MINNEAPOLIS: Joseph Haj, currently the producing artistic director of Playmakers Repertory Theatre in Chapel, N.C., has been named the new artistic director of the Guthrie Theater, the eighth leader since the theatre’s founding in 1963 by its namesake, Tyrone Guthrie. Haj succeeds Joe Dowling, the theatre’s longest-serving artistic director, who led the company for two decades, overseeing its move from a spot near the Walker Art Center to a brand new, $125-million facility by the Mississippi River a decade ago.
Haj is no stranger to the Guthrie, where he acted onstage in 1989 and 1990. A native of New Jersey, Haj grew up in Miami and earned his MFA from the University of North Carolina. His acting and directing career has taken him to the Public Theater in New York City, the Alley Theater in Houston, Actors Theatre of Louisville, the Oregon Shakespeare Festival and the Mark Taper Forum in Los Angeles. His 2010 production of Hamlet at the Folger Theatre in Washington, D.C. was nominated for six Helen Hayes Awards, winning for outstanding production. At PlayMakers, where Haj has been producing artistic director since 2006, he dug the theatre out of deficit spending and nearly doubled its budget size, from $1.6 milloin to $2.8 million.
Outside of traditional theatres, Joseph has directed projects in a maximum-security prison in Los Angeles, in Batesburg-Leesville, South Carolina and in the West Bank and Gaza.
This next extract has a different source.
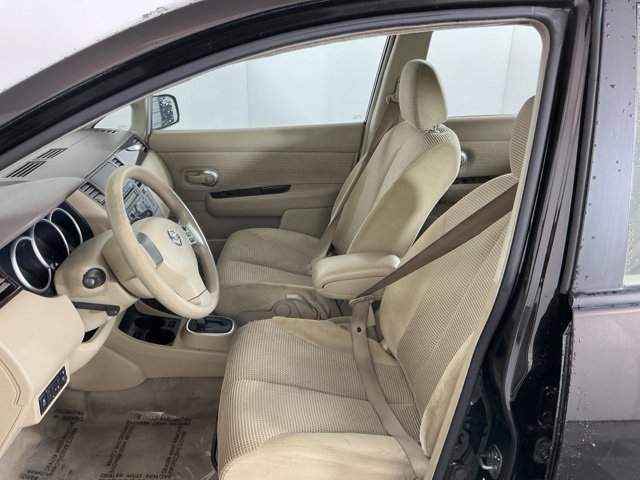 Used 2011 Nissan Versa SL image 13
An Arab-American, Haj was noted for the diversity of his programming at PlayMakers, and last year received the Zelda Fichandler Award from SDC, the stage directors’ and choreographers’ union, given to leaders “deemed transformative to the regional theatre through innovative, brave work.”
Dowling’s tenure, which included collaborations with artists including Christopher Hampton, Mark Rylance, Tony Kushner, Roger Rees and Lisa Peterson, came under some fire in recent years for its lack of diversity. Dowling will direct three final plays at the theater, including the current A Midsummer Night’s Dream. He previously served as artistic director of Abbey Theatre in Dublin, Ireland.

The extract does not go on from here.